• WHAT TO DO:
Between the line containing "Rockville RVLS60 9-Foot" and the line containing "Gorgeous Gray Colored" lies a run of lines; give that run again exactly, with both of those lines, and nothing else from the entries below.

• INFORMATION SHOWN:
╭──

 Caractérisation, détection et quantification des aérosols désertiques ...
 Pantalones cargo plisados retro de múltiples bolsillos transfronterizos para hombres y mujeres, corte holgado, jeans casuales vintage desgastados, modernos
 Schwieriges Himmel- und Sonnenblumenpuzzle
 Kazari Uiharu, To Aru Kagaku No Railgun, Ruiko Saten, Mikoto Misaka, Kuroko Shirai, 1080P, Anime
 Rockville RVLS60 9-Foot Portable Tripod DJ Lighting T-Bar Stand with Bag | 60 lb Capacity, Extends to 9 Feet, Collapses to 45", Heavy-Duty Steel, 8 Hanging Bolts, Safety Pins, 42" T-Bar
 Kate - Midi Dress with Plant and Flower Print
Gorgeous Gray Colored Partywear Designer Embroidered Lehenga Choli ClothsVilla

╰──
╭──

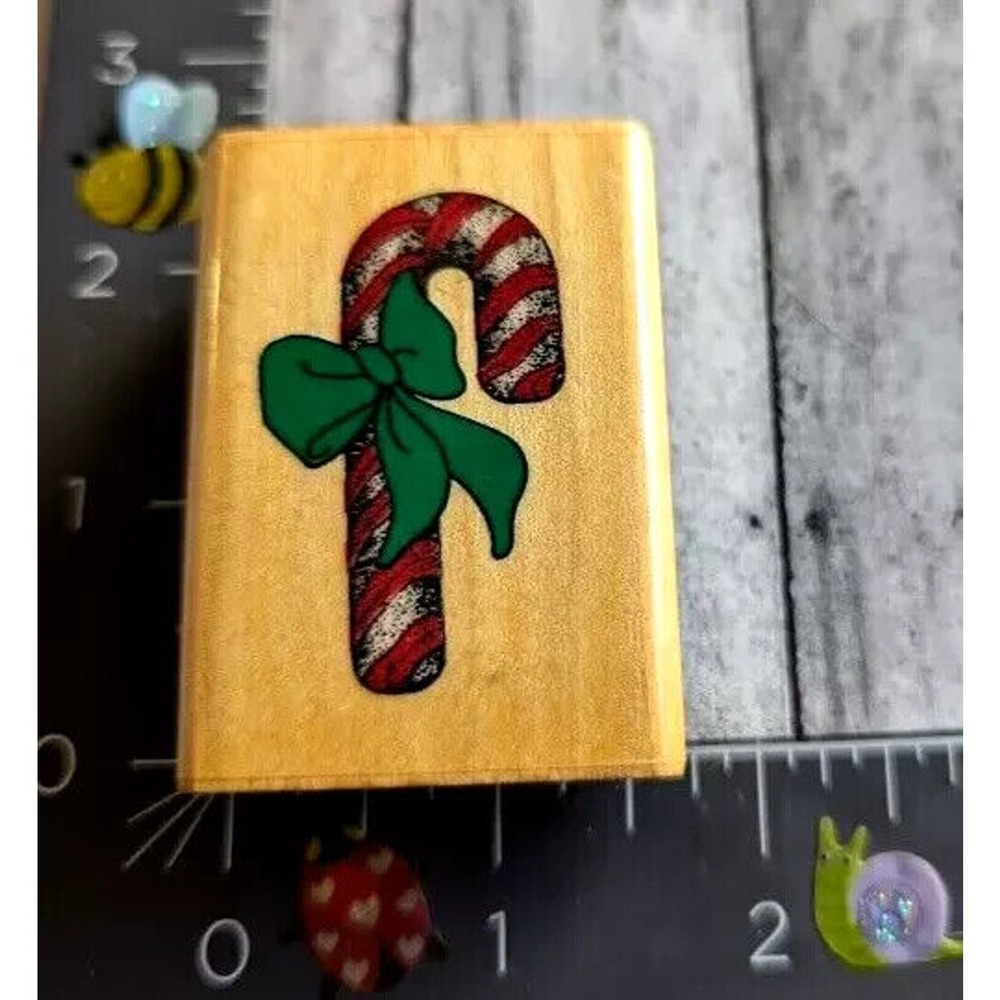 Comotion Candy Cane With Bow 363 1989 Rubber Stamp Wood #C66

╰──

• TASK ANSWER:
 Rockville RVLS60 9-Foot Portable Tripod DJ Lighting T-Bar Stand with Bag | 60 lb Capacity, Extends to 9 Feet, Collapses to 45", Heavy-Duty Steel, 8 Hanging Bolts, Safety Pins, 42" T-Bar
 Kate - Midi Dress with Plant and Flower Print
Gorgeous Gray Colored Partywear Designer Embroidered Lehenga Choli ClothsVilla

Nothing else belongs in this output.